Zoox CEO and co-founder Tim Kentley-Klay is out

Tim Kentley-Klay, the co-founder and CEO of secretive self-driving vehicle company Zoox, was fired suddenly Wednesday by the company’s board.

Kentley-Klay’s departure was first reported by The Information, which cited an unnamed source. Kentley-Klay later tweeted a statement confirming that he had been fired by the board.

Kentley-Klay and Zoox could not be reached for comment. TechCrunch will update the story as it develops.

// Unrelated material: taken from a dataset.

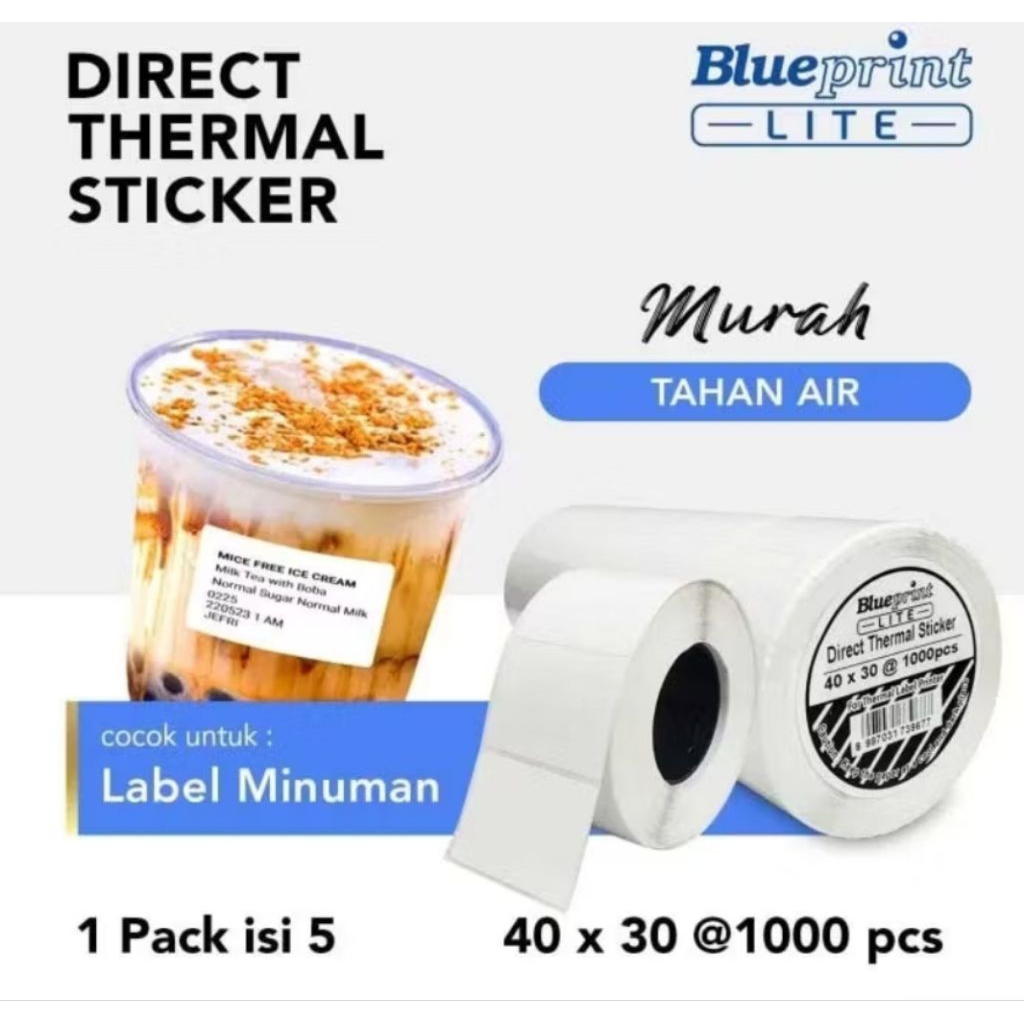 

Direct thermal blueprint 40 x 30 1000pcs 1 pack isi 5pack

In the tweet, Kentley-Klay wrote:

I came to this town as a founder only to build the future of mobility, and by the metrics shared here was crushing it against the biggest. But the shocking reality is that this—without a warning, cause or right of reply—the board fired me. Today was Silicon Valley up to its worst tricks. This town sells the story that it backs founders to create real change. Rather than working through the issues in an epic startup for the win, the board chose a path of fear, optimizing for a little money in hand at the expense of profound progress for the Universe. Cheers to the true believers that have built Zoox from scratch these last four years. Don’t let anyone stand between you and what you know is right. TKK.

He also posted a graphic comparing with Zoox the capital efficiency of top autonomous vehicle programs like Waymo, Uber, and Cruise.

Kentley-Klay has since posted more than a dozen tweets, quoting others who have contacted him to express support and disappointment. He doesn’t name anyone, but the presumption is that these are Zoox employees.

The firing comes just a month after Zoox closed a massive $500 million funding round at a $3.2 billion post-money valuation. The round, led by Mike Cannon-Brookes of Grok Ventures, brings its total amount of funding to $800 million.

Kentley-Klay founded Zoox with Jesse Levinson about four years ago. The company is infamous for its secrecy. The first real inside look into the company, and Kentley-Klay, came just a month ago in a feature by Bloomberg’s Ashlee Vance.

The company, which employs about 500 people, wants to deploy autonomous vehicles on public streets and launch a ride-hailing service with its fleet by 2020.